A referência à situação na Ucrânia parece ter sido evitada nos discursos da manhã, mas Francisco falou dela abertamente na missa que celebrou mais tarde no recinto da Expo 2017, onde participaram cerca de seis mil pessoas (apesar de a comunidade católica corresponder a menos de 1% da população do Cazaquistão).
“Penso em tantos lugares martirizados pela guerra, sobretudo na querida Ucrânia. Não nos habituemos à guerra, não nos resignemos à sua inevitabilidade. Socorramos quem sofre e insistamos para que se tente verdadeiramente alcançar a paz”, pediu Francisco.
“Que terá ainda de acontecer? Quantos mortos teremos ainda de contar antes de as contraposições cederem o passo ao diálogo para bem das pessoas, dos povos e da humanidade?

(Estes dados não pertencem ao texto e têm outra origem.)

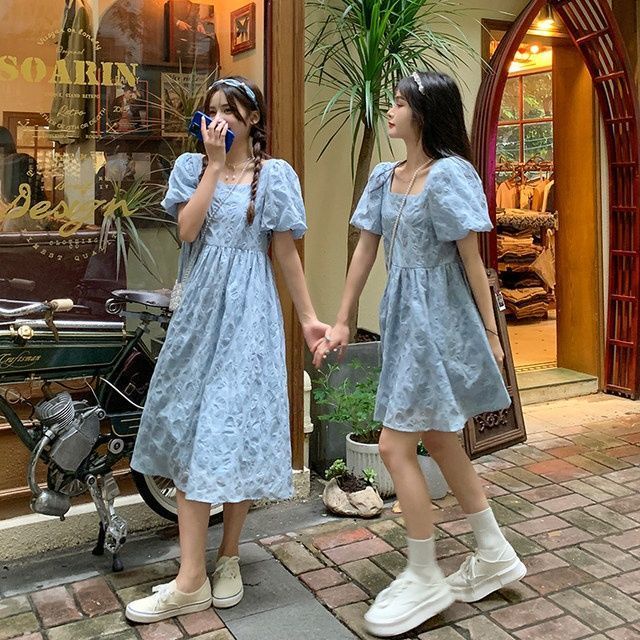 Đầm Tay Phồng Dáng Dài Form Ôm Thời Trang Pháp Cho Nữ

A única saída é a paz, e a única estrada para se chegar lá é o diálogo”, insistiu.
O Papa manifestou ainda a sua preocupação ao saber que, “nas últimas horas se acenderam novos focos de tensão na região do Cáucaso”, entre o Azerbaijão e a Arménia, desejando que prevaleça o diálogo e a “concórdia”.
No final da missa, que assinalou a festa litúrgica da Exaltação da Santa Cruz, o Papa foi saudado pelo arcebispo de Maria Santíssima em Astana, Tomash Bernard Peta, que agradeceu a presença de Francisco no país e pediu bênçãos para o mundo e para que todas pessoas sejam “mensageiras de paz e unidade”.
A viagem do Papa termina esta quinta-feira, com o tradicional encontro privado com os membros da Companhia de Jesus, ordem religiosa à qual pertence. Pelas 10h30 locais (05h30 em Lisboa), Francisco reúne-se com bispos, membros do clero e institutos religiosos, e agentes pastorais da Igreja Católica, na Catedral Mãe de Deus do Perpétuo Socorro.
O último compromisso da viagem é a participação, no Palácio da Independência, na cerimónia de leitura da declaração final e conclusão do congresso de líderes religiosos, perante os quais voltará a discursar, a partir das 15h00 (10h em Lisboa).